Monday, 26 June 2017
But even after we had suffered before and were spitefully treated at Philippi, as you know, we were bold in our God to speak to you the gospel of God in much conflict. 1 Thessalonians 2:2
Paul had just said that his arrival, along with his associates, was not vain. Now, building on that, he says, “But even after we had suffered before and were spitefully treated at Philippi, as you know…”
What this is saying is that such treatment would have caused most people to just give up. The spiteful treatment at Philippi that he is referring to is recorded in Acts 16:6-40. It included a public beating and imprisonment. After this, they next went along their mission route, arriving at Thessalonica. This is recorded in Acts 17:1-10. Despite this truly shameful treatment at Philippi, these men were not deterred in continuing on with their missionary work.
The words “as you know” are written as much for us as they are for those at Thessalonica. If what he said wasn’t true, then any person who knew it could have simply said as much. But history bears out that the account occurred, and those at Thessalonica were fully aware of it. In other words, they knew what had occurred in Philippi, and it only more poignantly demonstrated the high caliber of Paul and his associates. They had no idea what type of reception they would receive as they proceeded, and yet they boldly continued on where no Christian missionary had gone before.
With their fortitude evident, he says that they “were bold in our God to speak to you the gospel of God in much conflict.” With a full trust in God that they were meant to continue the mission trip through Macedonia, they proceeded onward. Paul knew this to be true because of what it says in Acts 16:9, 10 –
“And a vision appeared to Paul in the night. A man of Macedonia stood and pleaded with him, saying, “Come over to Macedonia and help us.” 10 Now after he had seen the vision, immediately we sought to go to Macedonia, concluding that the Lord had called us to preach the gospel to them.”
The Lord would not prompt them to go on such a mission if He were not going to be with them. The spiteful treatment at Philippi turned out to be exactly what was needed anyway. It bolstered confidence of those there who believed, it continued to confirm the legal proclamation of the gospel, and it brought salvation to the jailer who was given charge over Paul and Silas (Silvanus).
Rather than being negatively affected and weakened by what occurred, Paul and those with him, understood that these things were divinely orchestrated. Thus, they were further emboldened. This was despite “much conflict.”
The Greek word translated as “conflict” is agōni. As you can see, it is where our modern word “agony” is derived. It indicates a contest or a struggle. In secular Greek, which his audience would have been thinking of, it speaks of a gathering to the Greek games such as the Olympiads. It is a great struggle as if they were in a battle or a wrestling match against the spiritual foes of the church, fighting for the precious saints that they were called to minister to. And yet, despite this struggle, they continued on, emboldened by God.
Life application: The book is written, the future is set, and we have an absolute surety that Christ is in complete control of our destiny.
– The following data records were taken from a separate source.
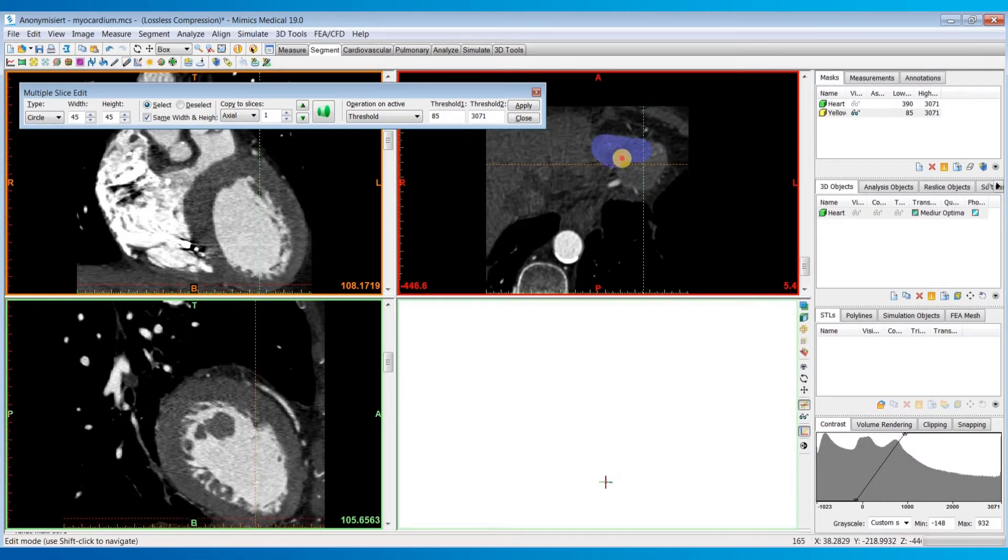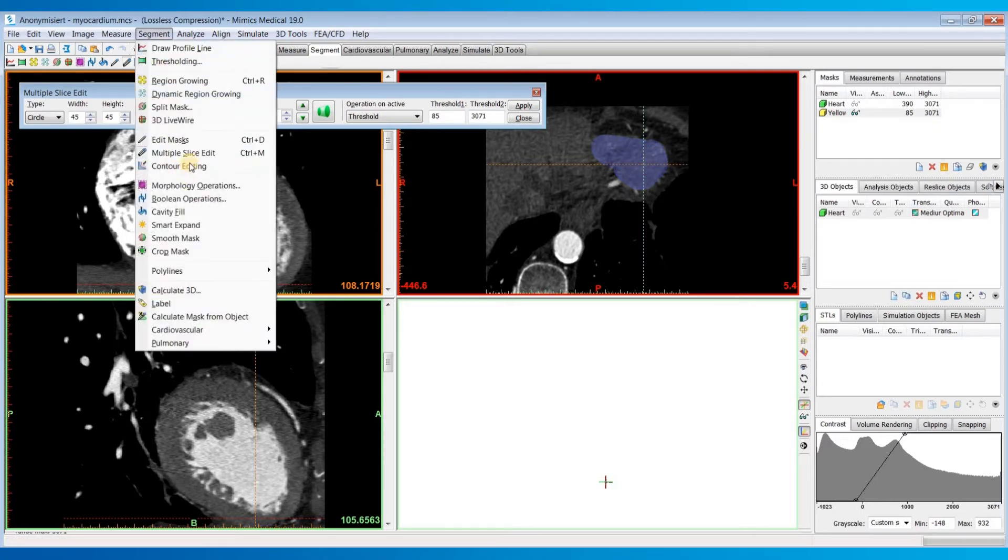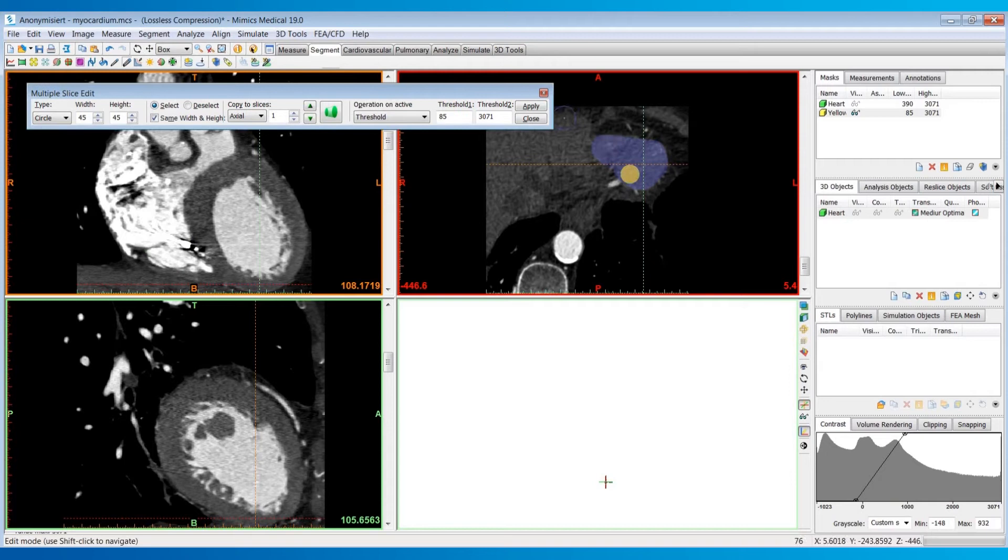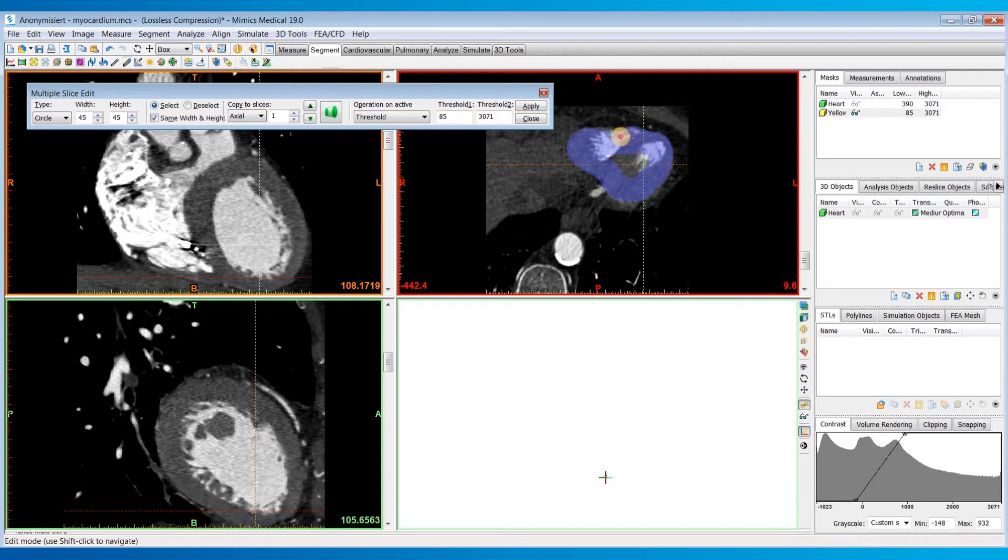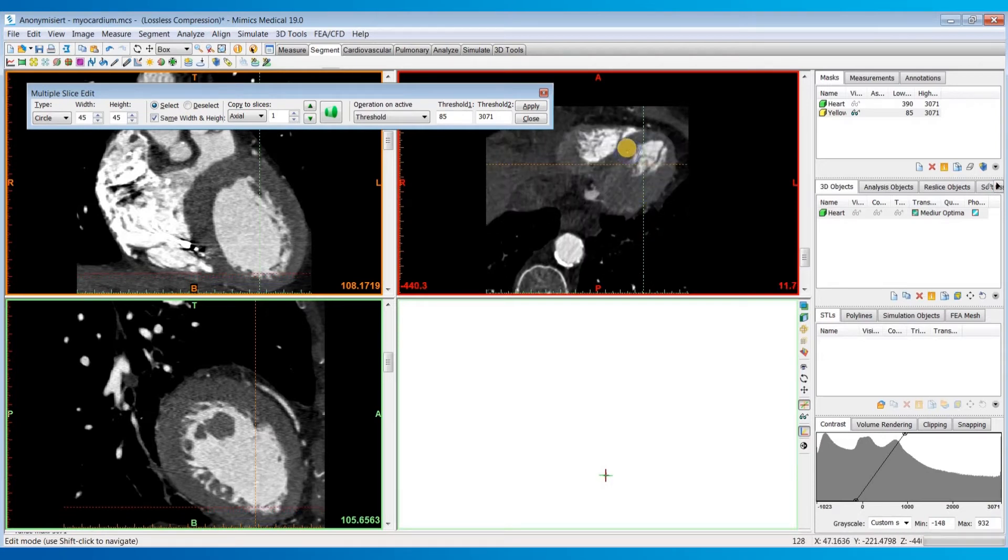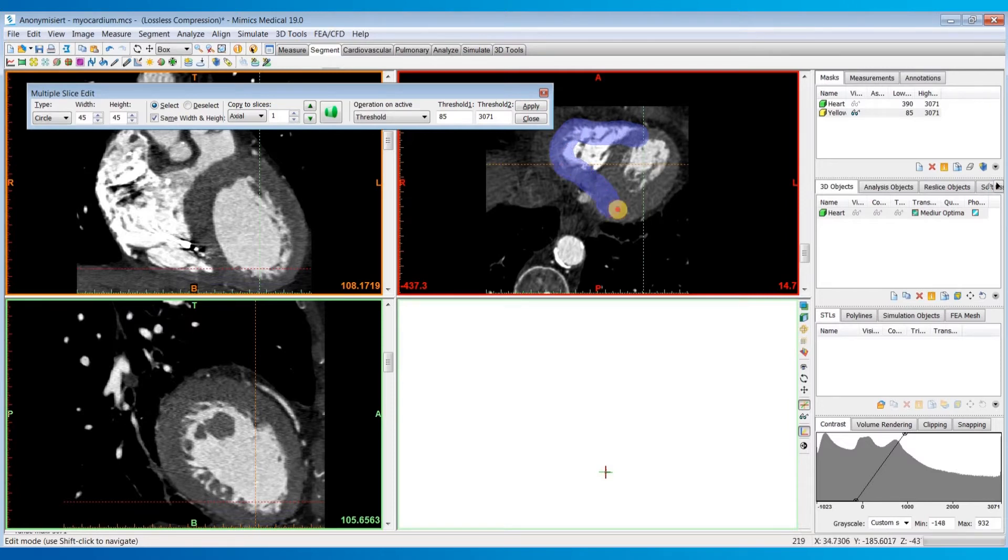I'll hit Ctrl+M to open the multi-slice edit tool. You can also access it from the segment menu. I'm just going to start marking every couple slices, and you don't have to worry about staying perfectly within the boundaries because we will perform a local threshold on this region.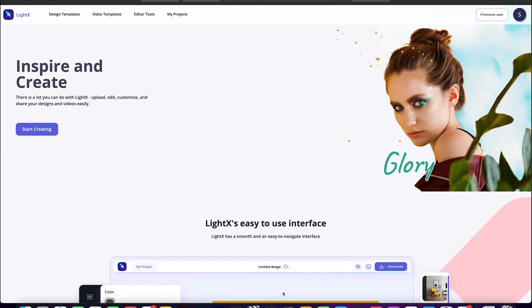As you know the drill, go to the LiteX editor in your browser, go to the editor tools, and click on the change color option.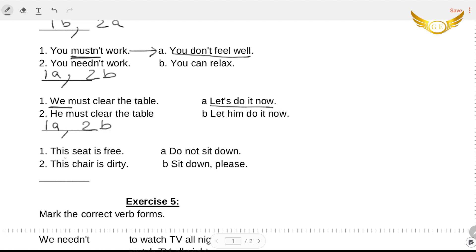Now the last one for this: 'this seat is free, do not sit down' or 'this seat is free, sit down please.' So yes, 'this seat is free, sit down please.' The next one is 'this chair is dirty, do not sit down.' So it is one B and two A that make the correct sentences.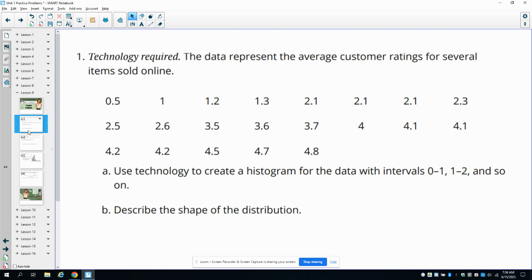Number one and two are going to require that you have technology that can create the different graphs that we've been working with. In number one specifically, we're going to be working on creating a histogram.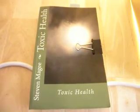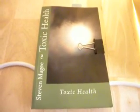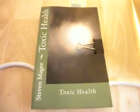Hi, my name is Stephen Magee, and I'm the author of Toxic Health. We're here today to look into sodium streetlights, and this is a high-pressure sodium streetlight.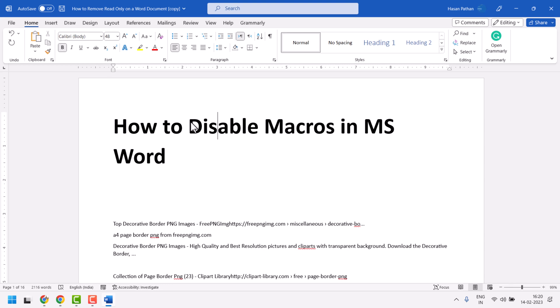In this video I will show how to disable macros in MS Word. A very simple and basic way to disable or enable macros.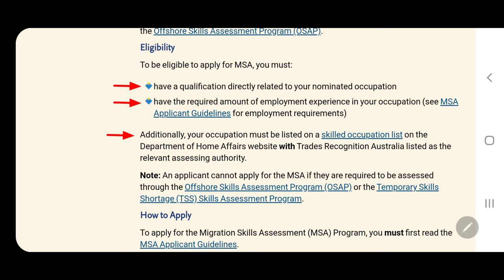Additionally, your occupation must be listed on the Skills Occupation list on the Department of Home Affairs website, and Trades Recognition Australia must be your assessing authority. Please note that you cannot apply for MSA if you are required to be assessed through the Offshore Skills Assessment Program — that means if you are outside Australia, which I will discuss separately.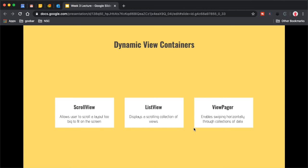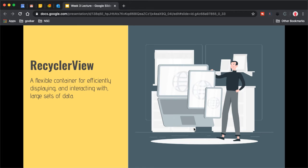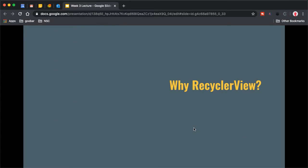The one we're focusing on and using in this week's project is RecyclerView. RecyclerView is a flexible container for efficiently displaying and interacting with large sets of data. It's the modern way of solving the task of displaying large collections on screen, particularly when you need efficiency and flexibility in how items look and how you interact with them.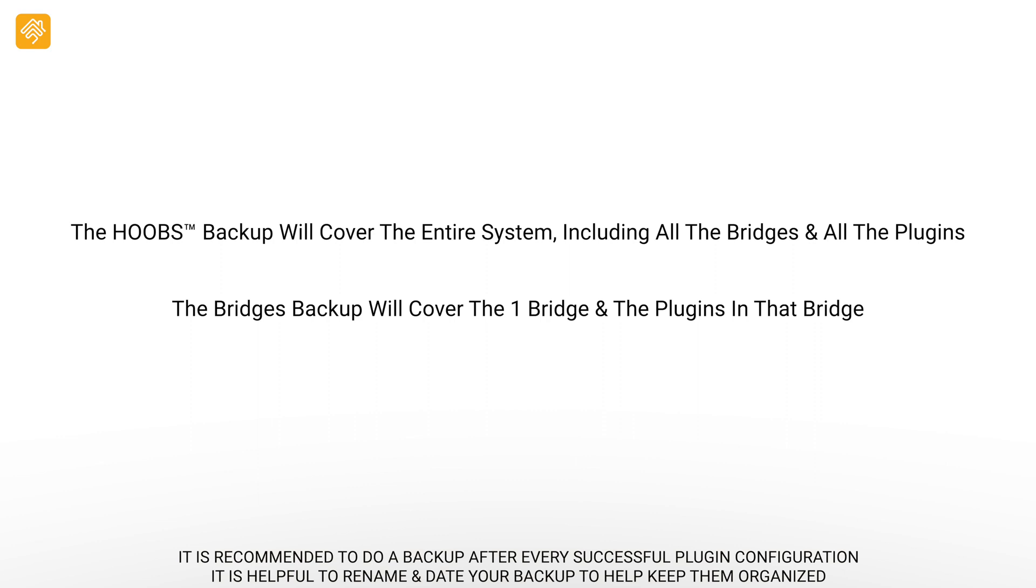It is recommended to do a backup after every successful plugin configuration. It is helpful to rename and date your backup to help you keep them organized.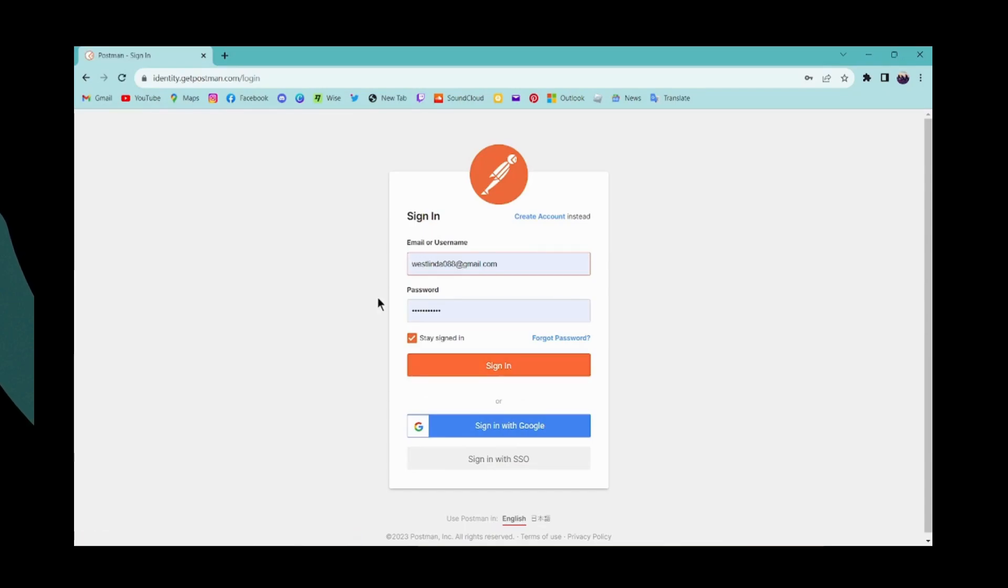And that's it. That's how you sign out of your Postman account. If you have any questions, feel free to comment below. Thanks for watching.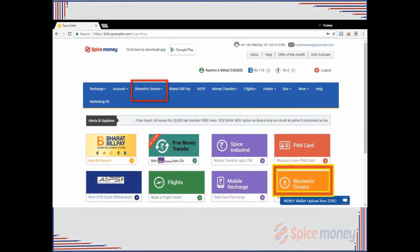On the navigation bar, click on Biometric drivers or on the highlighted tile.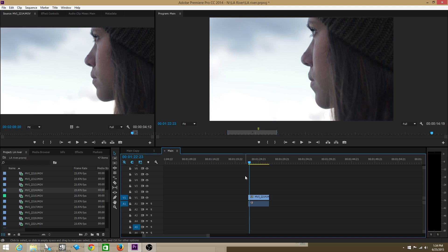Originally, when you bring your footage in from your camera, sometimes the colors are not the true colors. Sometimes there's like a blue tint or maybe an orange tint. What you want to do first, before you think about color grading, is color correcting — just making sure all the colors are true before you start messing with your footage and changing the colors up to whatever your artistic tastes are.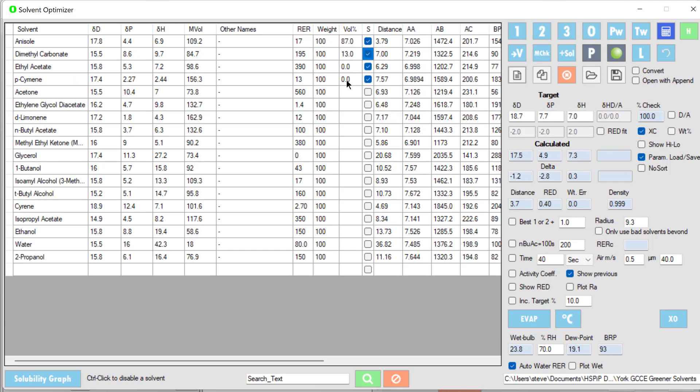The solvent optimizer allows you to do all sorts of smart optimization of solvents and solvent blends to achieve your targets, balancing evaporation rates, toxicity, safety, and cost.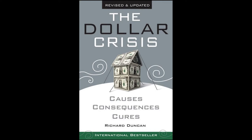This unfortunate state of affairs has arisen because of the international monetary system's most serious defect: the dollar standard lacks an adjustment mechanism to prevent persistent trade imbalances. Balance of payments deficits of an unprecedented magnitude have resulted in credit-induced economic overheating on a global scale. The foundations for sustainable economic growth will not be restored until this flaw is corrected and the U.S. trade deficit ceases to flood the world with U.S. dollar liquidity. That will require that the dollar standard be replaced by a new international monetary system that does not generate, or even tolerate, rampant credit creation.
No matter what happens in this earthly life, we are safe and secure in His capable hands. As this is so, why would we be timid in our proclamation of Christ Jesus, or why should we care about what could happen because of it? Get up, go out, and speak! Jesus. It is all about Jesus!
Lord God, Christ Jesus died for our sins, and He was raised to eternal life. This is what we believe. And we believe that we too will be raised in the same fashion. And so why on earth should we be timid concerning what people think when we speak about Him? How silly. They can kill the body, but Christ already possesses our soul! Grant us the fortitude to stand up and speak! Jesus… it is all about Jesus. Why should we keep that precious news quiet? Help us in this, O Lord. Amen.